00:02:10.050 Most recently, I conducted a class on NoSQL databases, reviewing and comparing different types of new SQL databases, analyzing use cases, and discussing which scenarios might be more appropriate for one database over another.

00:02:34.300 As I mentioned, I originally hail from New York but I've been residing in Berlin for the past five years, where I truly love living. I maintain various gems that make up the pure Ruby offering for interfacing with Elasticsearch, as well as the integration with Rails.

00:02:54.500 Let me ask, who here uses MongoDB? Great to see! As I said, I previously worked with MongoDB for a long time, co-writing the Ruby driver, and now I'm glad to be part of the elastic community.

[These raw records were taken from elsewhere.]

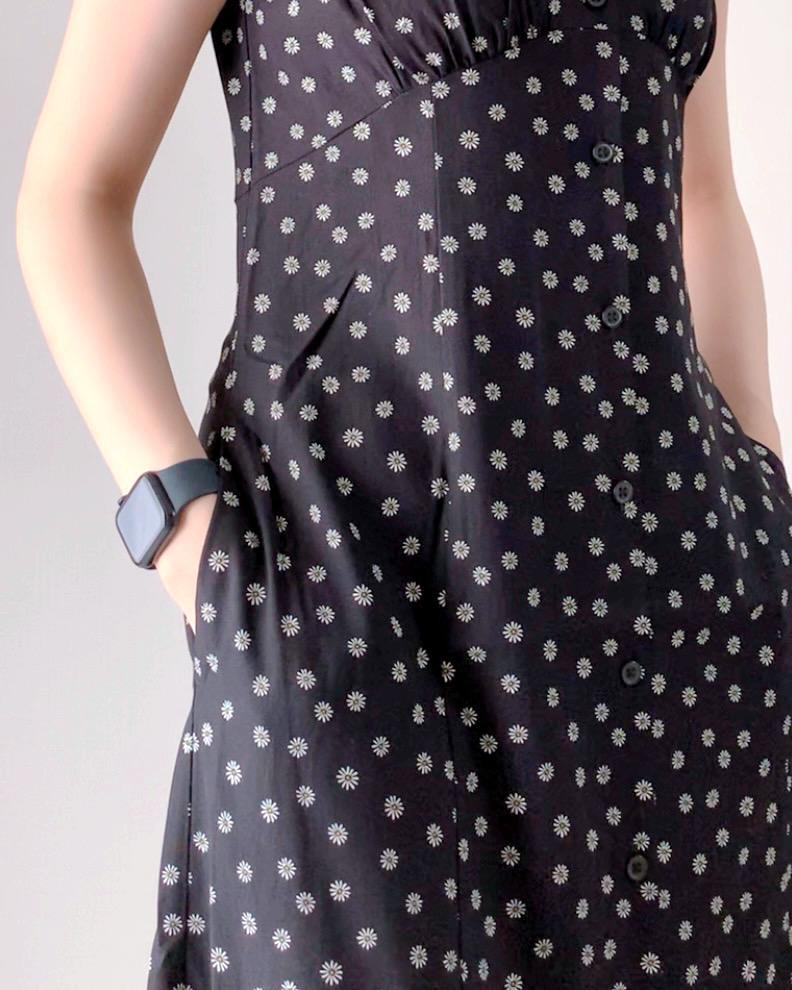 GUのオススメファッション「Vネックプリントワンピース(半袖)(フラワーC)+X」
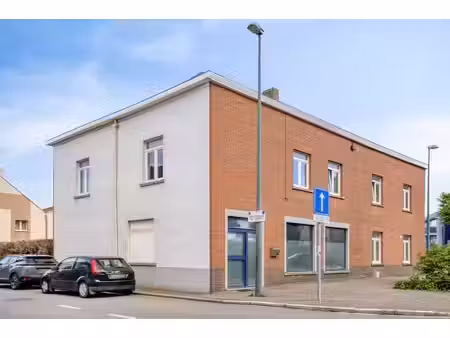 maison à rénover avec 2 unités d'habitation et jardin – 164
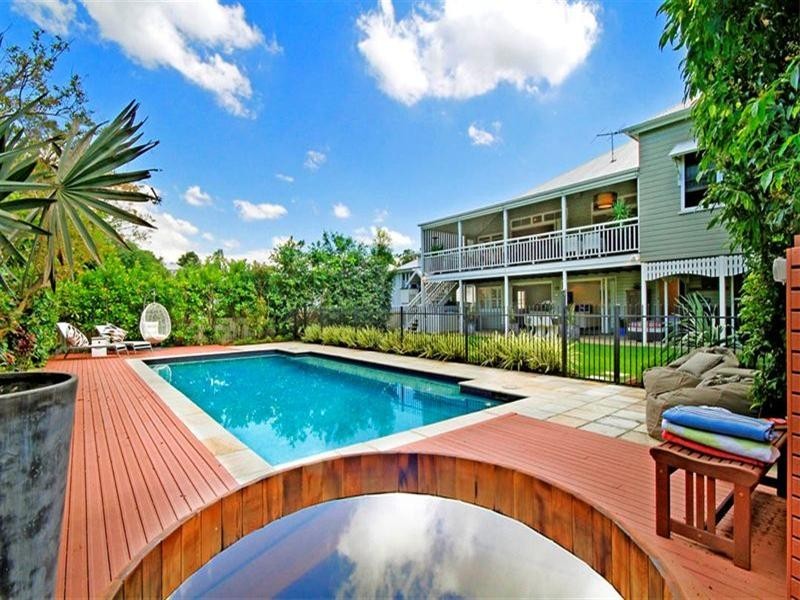 31 Bangalla Street, Auchenflower QLD 4066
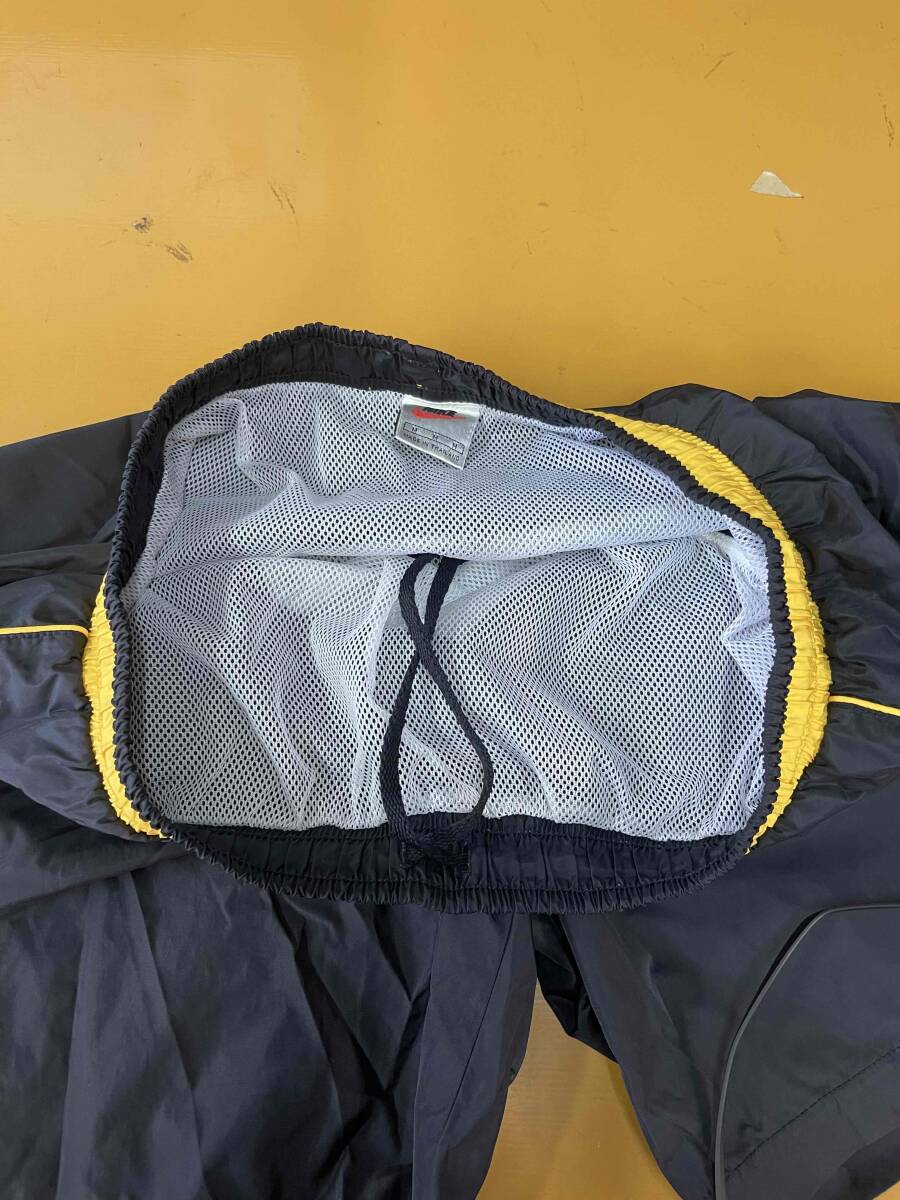 K192　NIKE　ナイキ ナイロンジャージ 短パン 下 M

Today, we will dive into how to better understand and manage distributed systems.

00:03:11.540 Allow me to introduce my friend, Bear. He is an application developer from Berlin who fits the profile I just described. His application is highly complex and interfaces with both MongoDB and Elasticsearch. With additional knowledge about the theory of distributed systems, Bear can develop a more robust and resilient application.

00:03:46.150 Though Bear thinks distributed systems are simple, they actually present some complex challenges. Let's take a look at an example of his code. Here we have a simple database object, which is retrieved from one of the gems I maintain.

00:04:12.030 This DB object represents the core of the Elasticsearch gem and will allow Bear to ping the database. If he receives a positive response, he assumes the database is available and proceeds with an insert operation. However, this perspective is too simplistic; distributed systems tend to be more complex due to their autonomous nature.

00:04:56.600 Between the time the ping is sent and when Bear executes the write command, various events can occur—an unexpected election for a new primary might begin, or the network could fail, leading to an unresponsive database. Any of these scenarios could potentially produce an error instead of a confirmation that the operation was successful.

00:05:45.300 Thus, while Bear's initial impression of distributed systems might be that they are simple, understanding their inherent complexity is crucial. This knowledge allows Bear to write simpler code capable of anticipating the distributed system's behavior.

00:06:17.250 The complexity not only lies within the systems themselves but also in the applications interacting with them. Bear's application shares some characteristics with distributed systems; it operates like a coordinated chaos, continuously sending and receiving requests across numerous APIs.

00:06:39.000 In this talk, we will focus on education targeted towards Bear. The first part will cover the fundamentals of distributed systems theory, and the second part will analyze Bear's code and apply his new theoretical knowledge to produce more resilient software. We'll define what a distributed system is and explore certain concepts.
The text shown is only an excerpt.